In the above example, we have written a pattern that will match the small ‘abc’. and in this string ‘abc’ will present on index number starting from 39 till 42. So it will return the match with the index number.

Below is the list of all the patterns.

Let's explore a few patterns one by one. ‘.’ matches any character except a new line.

import re

sentence = 'school'
pattern = re.compile(r'.')
matches = pattern.finditer(sentence)
for match in matches:
    print(match)
Output-
<re.Match object; span=(0, 1), match='s'>
<re.Match object; span=(1, 2), match='c'>
<re.Match object; span=(2, 3), match='h'>
<re.Match object; span=(3, 4), match='o'>
<re.Match object; span=(4, 5), match='o'>
<re.Match object; span=(5, 6), match='l'>

‘\d’ used to match only digits between 0–9. below is the same code.

import re

sentence = 'school123'
pattern = re.compile(r'\d')
matches = pattern.finditer(sentence)
for match in matches:
    print(match)
Output-
<re.Match object; span=(6, 7), match='1'>
<re.Match object; span=(7, 8), match='2'>
<re.Match object; span=(8, 9), match='3'>

Oppositely ‘\D’ used to match Not a Digit.

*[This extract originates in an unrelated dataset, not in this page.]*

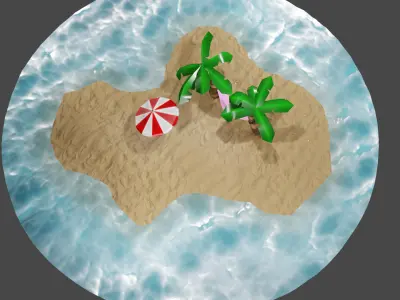 Beach  scene  3D model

In Regular expressions, capital letters negate the operation that a small letter is performing.

import re

sentence = 'school123'
pattern = re.compile(r'\D')
matches = pattern.finditer(sentence)
for match in matches:
    print(match)
Output-
<re.Match object; span=(0, 1), match='s'>
<re.Match object; span=(1, 2), match='c'>
<re.Match object; span=(2, 3), match='h'>
<re.Match object; span=(3, 4), match='o'>
<re.Match object; span=(4, 5), match='o'>
<re.Match object; span=(5, 6), match='l'>

‘\b’ is used to check word boundary and ‘\B’ for not a word boundary. Word boundaries are especially handy when it is necessary to match a sequence of letters or digits on their own. Or it is useful when you want to ensure that they happen at the start or the end of the sequence of characters.

import re

sentence = 'school schoolschool'
pattern = re.compile(r'school\b')
matches = pattern.finditer(sentence)

for match in matches:
     print(match)
Output-
<re.Match object; span=(0, 6), match='school'>
<re.Match object; span=(13, 19), match='school'>

It matches the school two times as the second school does not contain space at the end of the string.

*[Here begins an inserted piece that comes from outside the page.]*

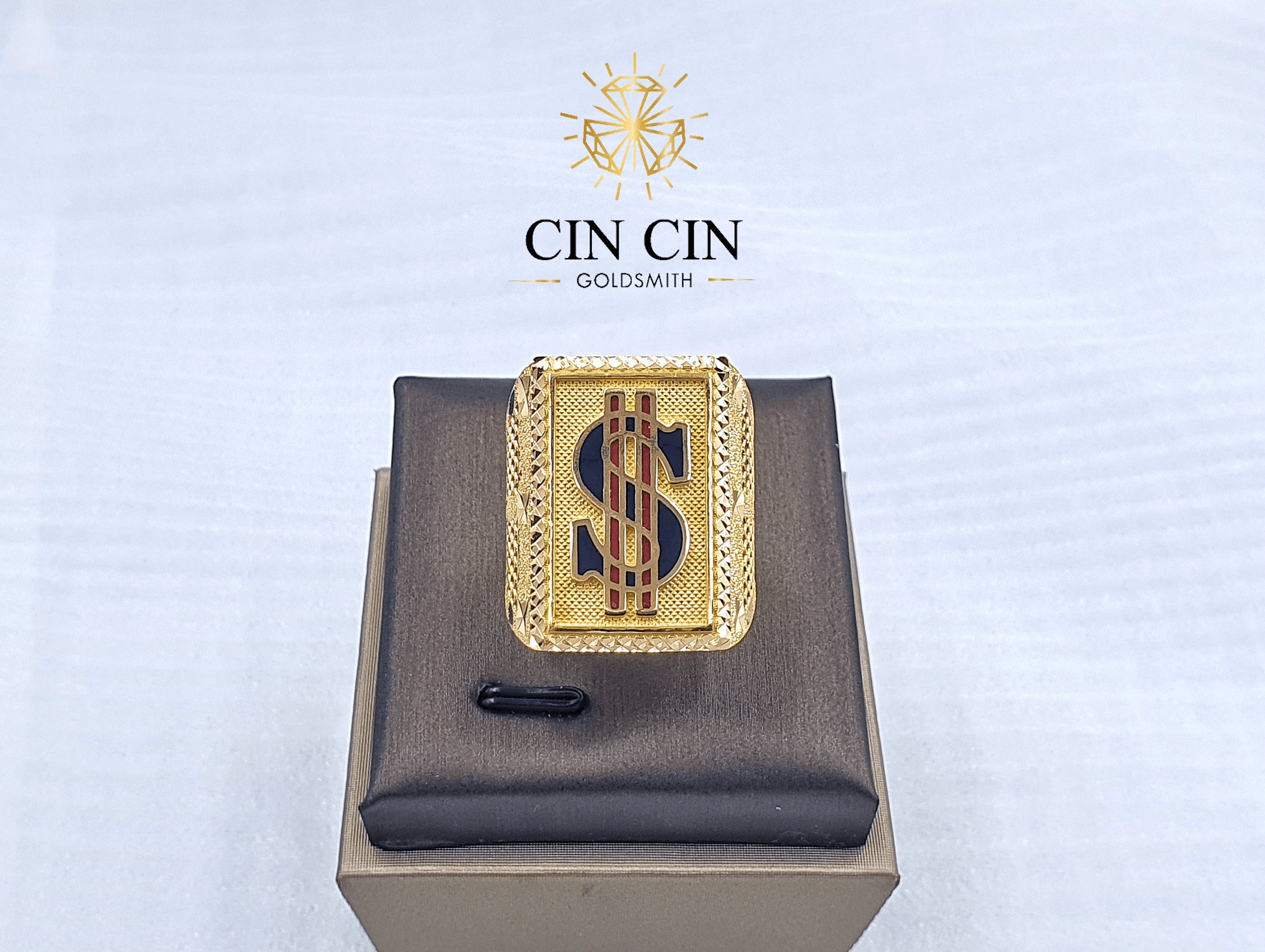 916 Gold Ring Biscuit Ring Dollar HIC Cin Cin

‘^’ is used to match the beginning of the string. below is the code for the same.

import re

sentence = 'My little son now has started learning abc in school'
pattern = re.compile(r'^My')
matches = pattern.finditer(sentence)

for match in matches:
     print(match)
Output-
<re.Match object; span=(0, 2), match='My'>

Similarly ‘$’ is used to match the end of the string.

import re

sentence = 'My little son now has started learning abc in school'
pattern = re.compile(r'school$')
matches = pattern.finditer(sentence)

for match in matches:
     print(match)
Output-
<re.Match object; span=(46, 52), match='school'>

‘[]’ matches the character in the brackets, suppose if we mention ‘[a-zA-Z]’ in the bracket, it will match any letter between small a to z and capital A to Z.

sentence = 'My little son now has started learning abc in school'
pattern = re.compile(r'[A-Z]')
matches = pattern.finditer(sentence)

for match in matches:
     print(match)
Output-
<re.Match object; span=(0, 1), match='M'>

There is only one capital letter ‘M’ present in the string so it returns only one match. Oppositely ‘[^] used to match characters, not in a bracket.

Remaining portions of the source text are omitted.